Bontrager Satellite forks.


----------



## TurboTurtle (Feb 4, 2004)

il sogno said:


> Johann Brunyeel looked awfully "tense" after yesterday's Paris-Roubaix. What brand of bicycle will Discovery ride next year? Vote here.


Hummer. - TF


----------



## Guest (Apr 10, 2006)

il sogno said:


> I had meant to put the Merckx's in as a choice but forgot. The old Motorola team rode them, Disco could go back to them. And they are a great bicycle.


And they look real cool !! 

But seriously, no option to choose huffy ??


----------



## Rouleur (Mar 5, 2004)

*Huffy all the way...*

I hear they are planning a comeback. 7-Eleven old school, baby.


----------



## il sogno (Jul 15, 2002)

AJL said:


> And they look real cool !!
> 
> But seriously, no option to choose huffy ??


I know... Maybe I shoulda put in Caloi too.


----------



## Jesse D Smith (Jun 11, 2005)

Eddy himself said he simply doesn't have the resources to outfit a mega-budget team as big as Disco.

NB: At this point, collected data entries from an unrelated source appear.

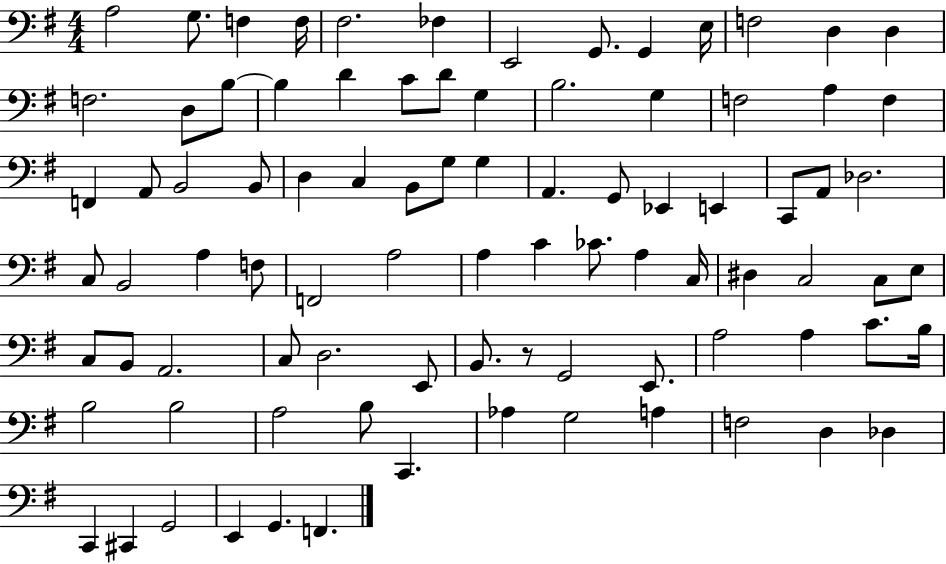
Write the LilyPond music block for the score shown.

{
  \clef bass
  \numericTimeSignature
  \time 4/4
  \key g \major
  \repeat volta 2 { a2 g8. f4 f16 | fis2. fes4 | e,2 g,8. g,4 e16 | f2 d4 d4 | \break f2. d8 b8~~ | b4 d'4 c'8 d'8 g4 | b2. g4 | f2 a4 f4 | \break f,4 a,8 b,2 b,8 | d4 c4 b,8 g8 g4 | a,4. g,8 ees,4 e,4 | c,8 a,8 des2. | \break c8 b,2 a4 f8 | f,2 a2 | a4 c'4 ces'8. a4 c16 | dis4 c2 c8 e8 | \break c8 b,8 a,2. | c8 d2. e,8 | b,8. r8 g,2 e,8. | a2 a4 c'8. b16 | \break b2 b2 | a2 b8 c,4. | aes4 g2 a4 | f2 d4 des4 | \break c,4 cis,4 g,2 | e,4 g,4. f,4. | } \bar "|."
}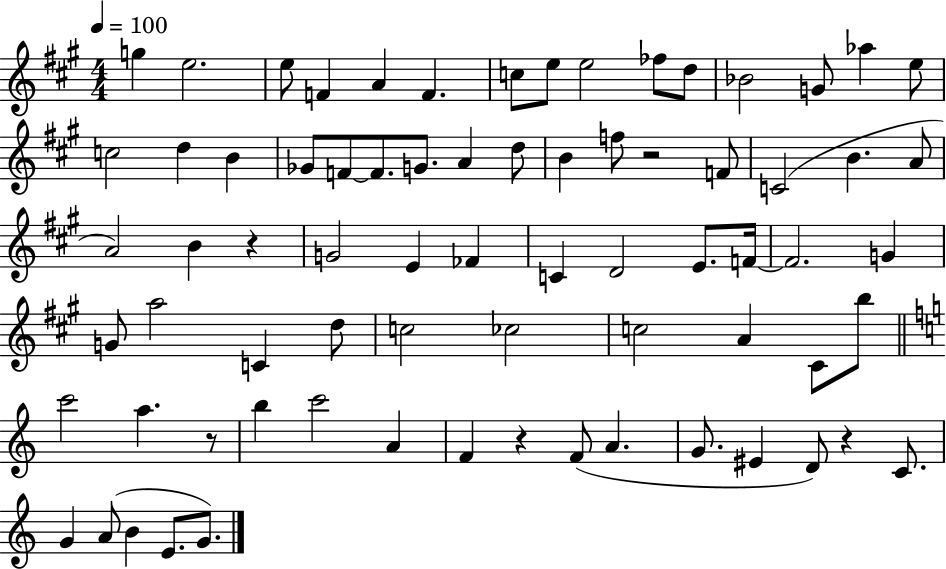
X:1
T:Untitled
M:4/4
L:1/4
K:A
g e2 e/2 F A F c/2 e/2 e2 _f/2 d/2 _B2 G/2 _a e/2 c2 d B _G/2 F/2 F/2 G/2 A d/2 B f/2 z2 F/2 C2 B A/2 A2 B z G2 E _F C D2 E/2 F/4 F2 G G/2 a2 C d/2 c2 _c2 c2 A ^C/2 b/2 c'2 a z/2 b c'2 A F z F/2 A G/2 ^E D/2 z C/2 G A/2 B E/2 G/2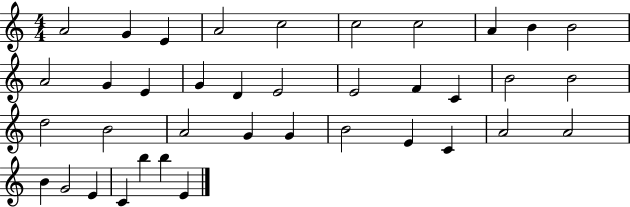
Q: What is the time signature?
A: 4/4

There's no reason to abandon Trek. George and the team has ridden them for many years with no problems in the classics and Lance rode it to 7 Tours in a row. Trek, more than any other manufacturer has gone above and beyond with research and development for pro racing. 
Switching to another brand because of one isolated, freak incident is totally irrational. And speculating on it when we don't even know if the problem was with the fork, the steerer, the stem, or the mechanic is just as goofy.


----------



## ultimobici (Jul 16, 2005)

Rouleur said:


> I hear they are planning a comeback. 7-Eleven old school, baby.


Only problem is they weren't Huffy's, they were Serrotta's!


----------



## rocco (Apr 30, 2005)

Jesse D Smith said:


> Eddy himself said he simply doesn't have the resources to outfit a mega-budget team as big as Disco. There's no reason to abandon Trek. George and the team has ridden them for many years with no problems in the classics and Lance rode it to 7 Tours in a row. Trek, more than any other manufacturer has gone above and beyond with research and development for pro racing.
> Switching to another brand because of one isolated, freak incident is totally irrational. And speculating on it when we don't even know if the problem was with the fork, the steerer, the stem, or the mechanic is just as goofy.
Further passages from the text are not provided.